Однажды кузнец пришел задумчивый и расстроенный.
— Знаешь, брат, — сказал он Леве, — у меня такое переживание, что не знаю, как поступить. Недалеко от нашего лагеря поставили целый состав товарных вагонов. Начальство вызвало меня и говорит: «Оставь всю свою работу, поручаем тебе срочное дело: ты должен ковать решетки и прибивать их к окнам товарного состава. Если выполнишь порученное, горбуши наешься вдосталь». Ну, я, конечно, смолчал. Пошел в кузницу, подобрал проволоку, железо, и вот теперь делаю решетки. У нас разговор идет, что из лагеря готовится какой-то дальний, большой этап, и именно эти вагоны оборудуют для отправки заключенных. Я, конечно, понимаю все это, но вместе с тем думаю, могу ли я, как христианин, делать решетки для людей, для самих себя? С одной стороны, сам-то я не сажаю никого, с другой стороны — делаю решетки, вроде как участвую в создании неволи…
Вопрос брата заставил Леву призадуматься. Наконец, он произнес:
— Нужно молиться. Каждый из нас стоит перед Богом. Если что нельзя, совесть не позволяет, то лучше отпроситься на другую работу, а если сердце не осуждает, то Бог не взыщет… Кому как открыто, кто какого духовного уровня достиг.

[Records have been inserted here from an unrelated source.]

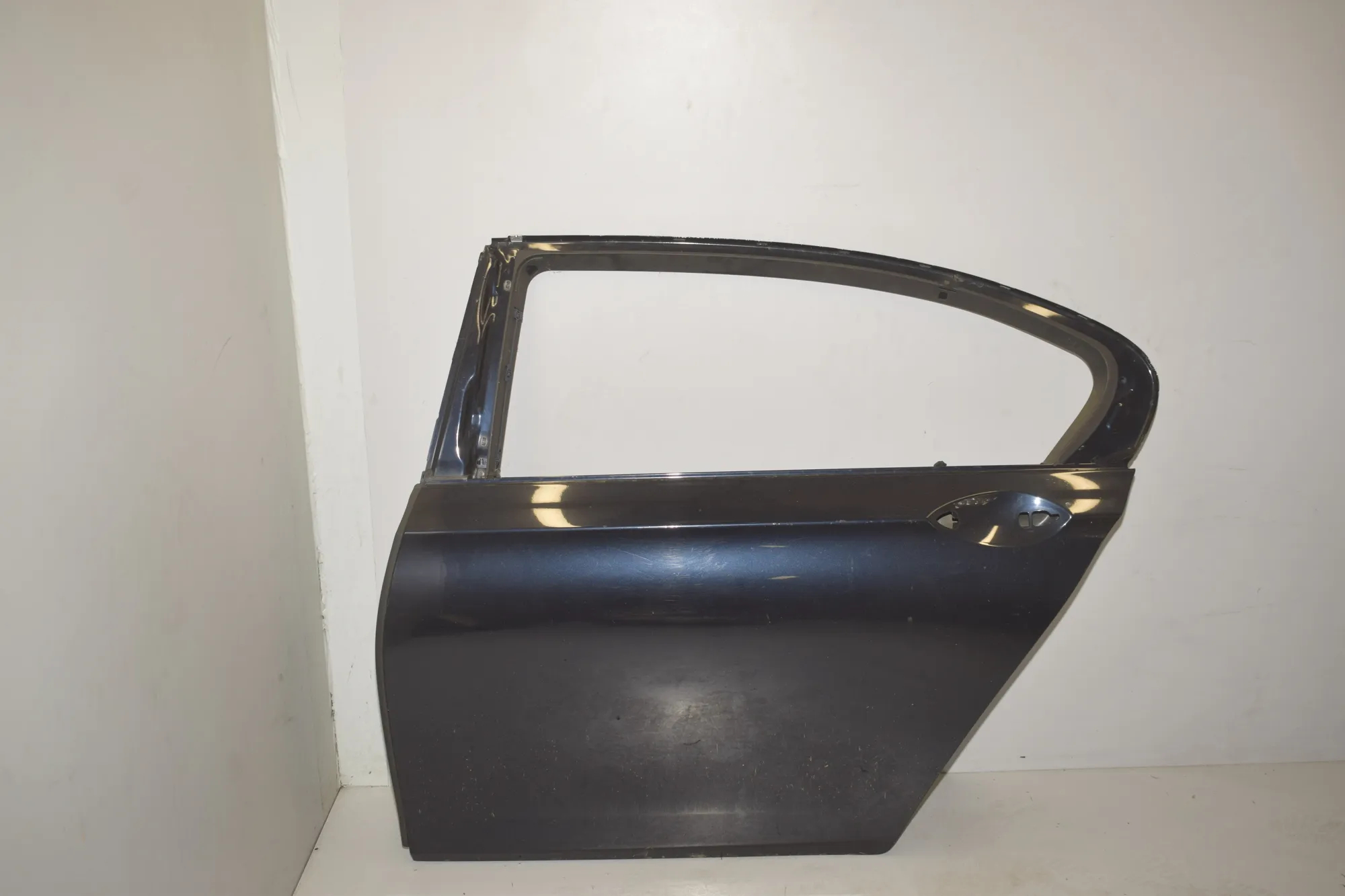 Rear Left Door · BMW 7 (G11, G12) BMW 7 (G11, G12) 725 d, Ld 2020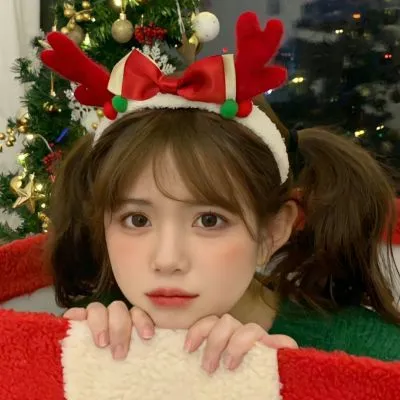 超清冷傲女生图片头像第1张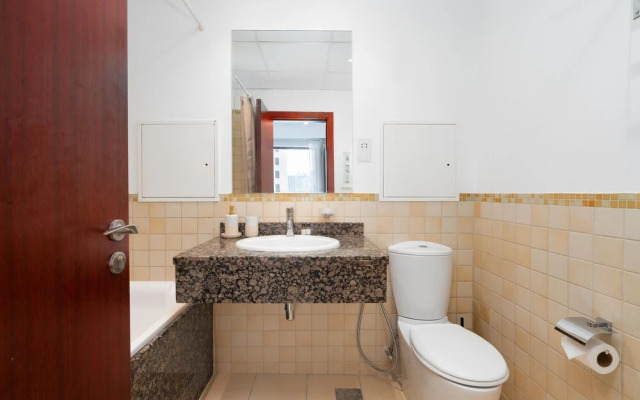 Whitesage - Magnificent Waterfront Apt, Steps From the Beach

Когда они встретились в следующий раз, кузнец рассказал, как пытался перевестись на другую работу, но начальство, видя его честность и добросовестность, отказало: мол, другим эту работу доверить не могут и настоятельно требуют, чтобы именно он делал решетки и прибивал их.
– Ну, и как же ты? — спросил Лева.
– Делаю и прибиваю, — смиренно ответил брат-кузнец. — Надеюсь, что Бог не взыщет. Я здесь ни при чем, что всех нас, людей вообще, в тюрьме держат…
И тут Леве невольно пришли на память строки стихотворения известного поэта Валерия Брюсова:
Каменщик, каменщик в фартуке белом,
Что ты там строишь? Кому?
Эй, не мешай нам, мы заняты делом,
Строим мы, строим тюрьму.
И ему стало тяжело на сердце, когда он понял, что все тюрьмы, лагеря, решетки, замки — все-все до мельчайших деталей сделано самими трудящимися. Ведь не буржуи, не капиталисты строили тюрьмы, а тем более создавали всю лагерную систему: бараки, сторожевые вышки, колючую проволоку. — Все это для самих себя сделали сами рабочие.
— Стало быть, — думал Лева, — мы сами себе создаем наше рабство… Нет, лучше не думать об этом…
Глава 10. Сосковец
»…Многими скорбями надлежит нам войти в Царствие Божие».
Деян. 14:22
Весеннее солнышко пригревало землю, и снег таял. Приближение весны чувствовалось и в веянии ветерка, и в щебетании птиц, которых заключенным удавалось видеть на стройке.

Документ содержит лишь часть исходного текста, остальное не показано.